** Opening INPUT DATA block **

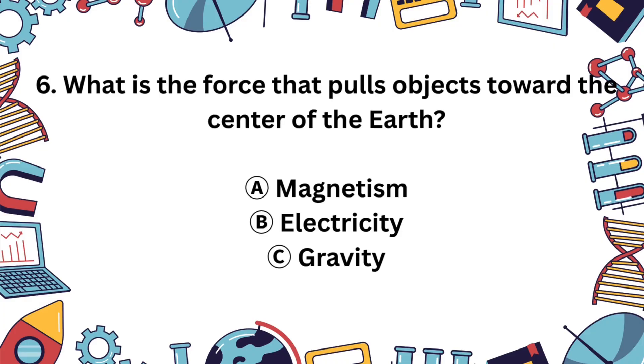Question 6. What pulls things down to earth? Is it A. Magnetism, B. Electricity, or C. Gravity? Nice work! The answer is C, gravity. It's what keeps your feet on the ground and the planets in orbit.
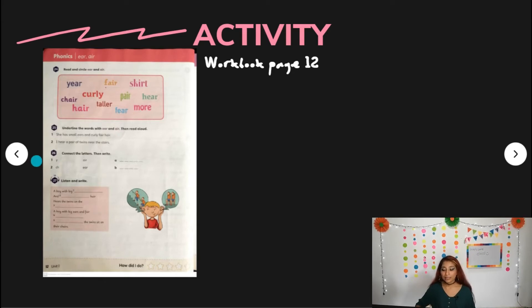Exercise 26: connect the letters, then write. You have a Y, number two U, CH. And decide: air or ear. You are going to match — is it going to be with this or with this? And when you finish, you are going to write the correct answer, letter A and letter B. And that's it.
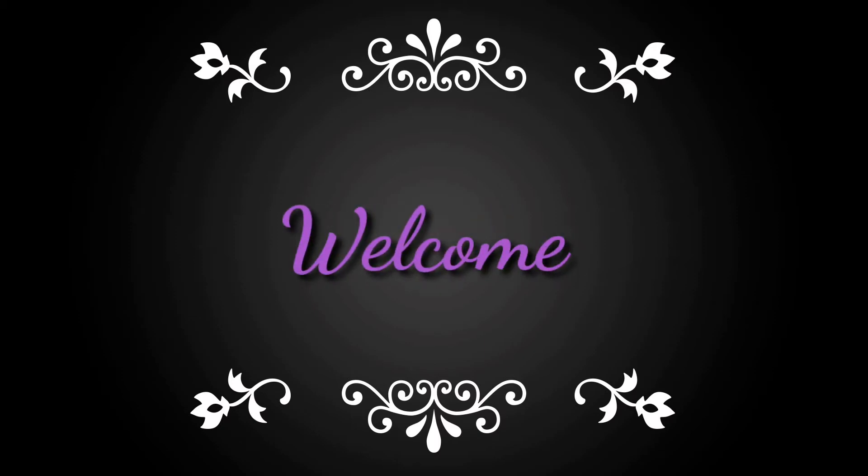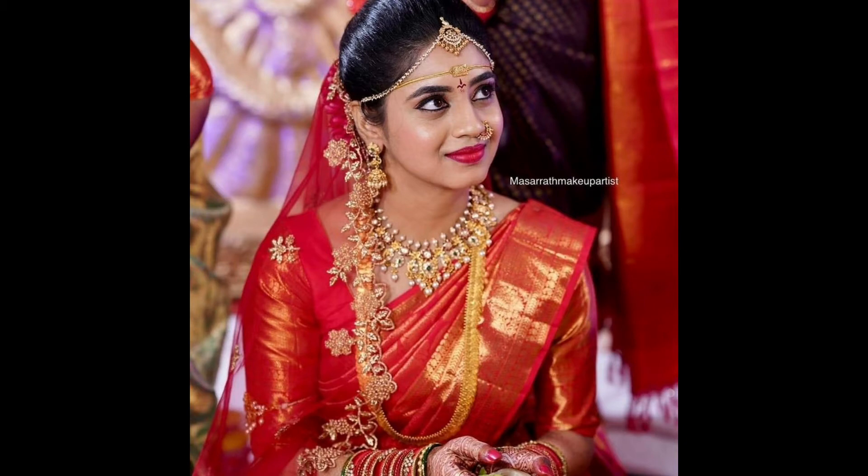Hi Friends! Welcome to my channel Unwith Creations! I am doing this video with bridal makeup looks. There are many different types of bridal makeup looks.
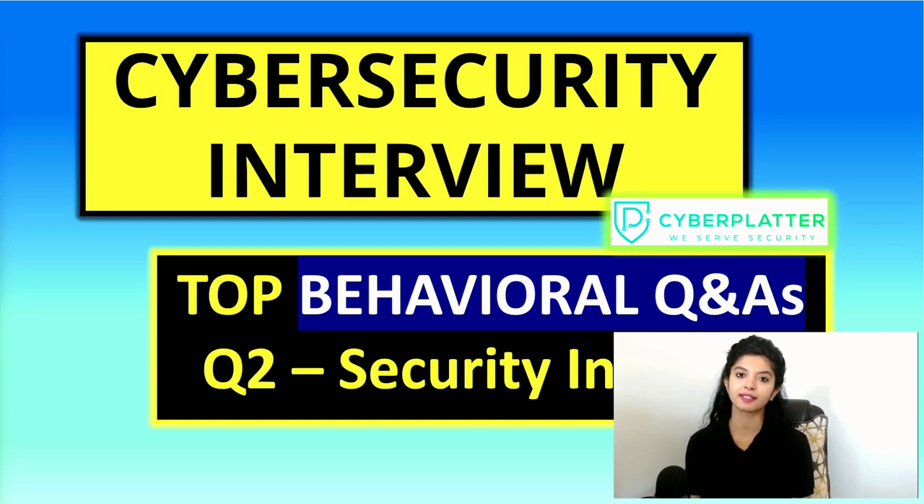Hey guys, welcome to Cyberplatter. This is Navya. You're watching the series on cybersecurity behavioral question and answers. If you have missed any previous episodes, the links are in the description box so you can catch up anytime. So let's get started.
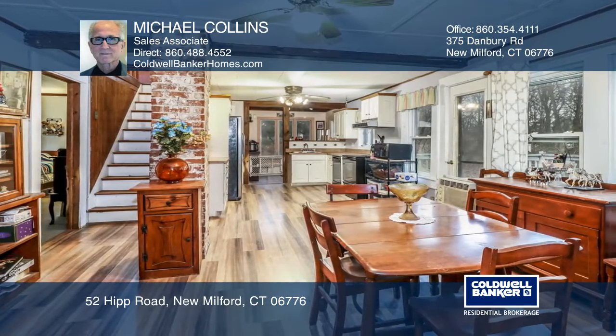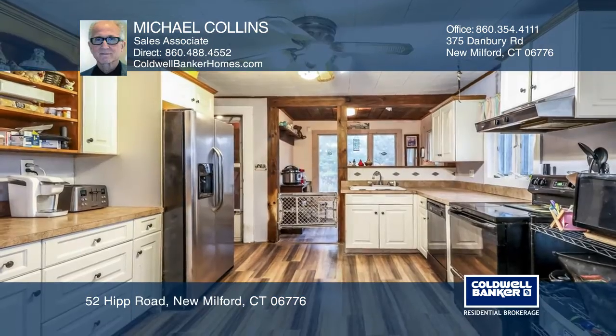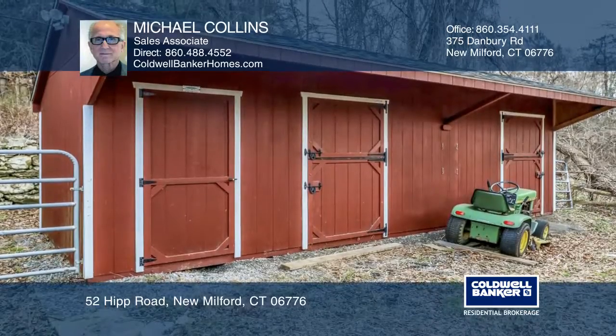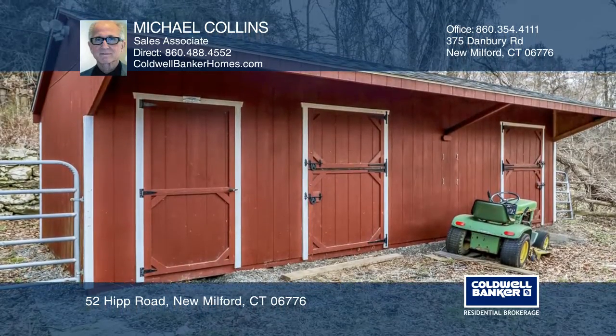This property is ideal for horses and includes a two-stall barn with a tack room. Features include an expansive living room, a bright kitchen, and a second outbuilding with room for three cars.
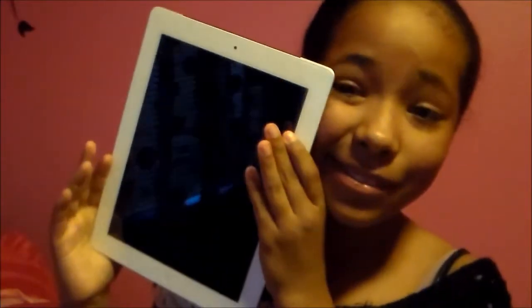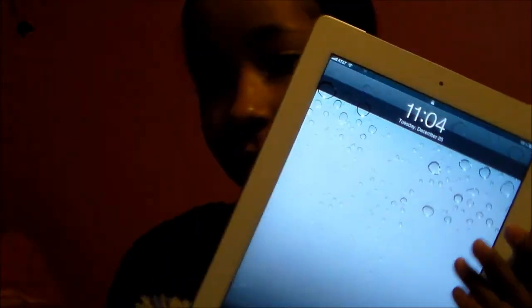I got an iPad, and also The Naked Palette makeup palette.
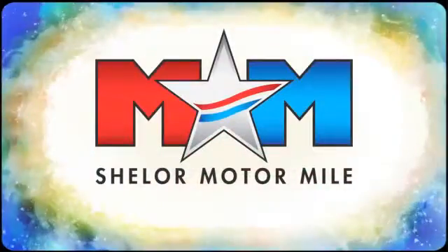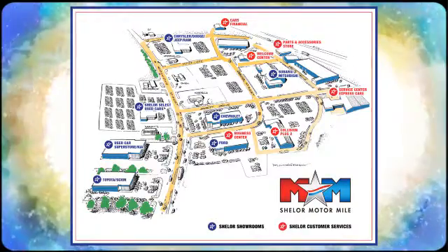Call, click, or stop in. We're conveniently located at 200 Motor Lane in Christiansburg, Virginia.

** Closing INPUT DATA block **

**YOUR OBJECTIVE**
Reproduce the data above in full, exactly, with the images removed.

**RESPONSE AREA**
Question 6. What pulls things down to earth? Is it A. Magnetism, B. Electricity, or C. Gravity? Nice work! The answer is C, gravity. It's what keeps your feet on the ground and the planets in orbit.
Exercise 26: connect the letters, then write. You have a Y, number two U, CH. And decide: air or ear. You are going to match — is it going to be with this or with this? And when you finish, you are going to write the correct answer, letter A and letter B. And that's it.
Hi Friends! Welcome to my channel Unwith Creations! I am doing this video with bridal makeup looks. There are many different types of bridal makeup looks.
Hey guys, welcome to Cyberplatter. This is Navya. You're watching the series on cybersecurity behavioral question and answers. If you have missed any previous episodes, the links are in the description box so you can catch up anytime. So let's get started.
This property is ideal for horses and includes a two-stall barn with a tack room. Features include an expansive living room, a bright kitchen, and a second outbuilding with room for three cars.
I got an iPad, and also The Naked Palette makeup palette.
Call, click, or stop in. We're conveniently located at 200 Motor Lane in Christiansburg, Virginia.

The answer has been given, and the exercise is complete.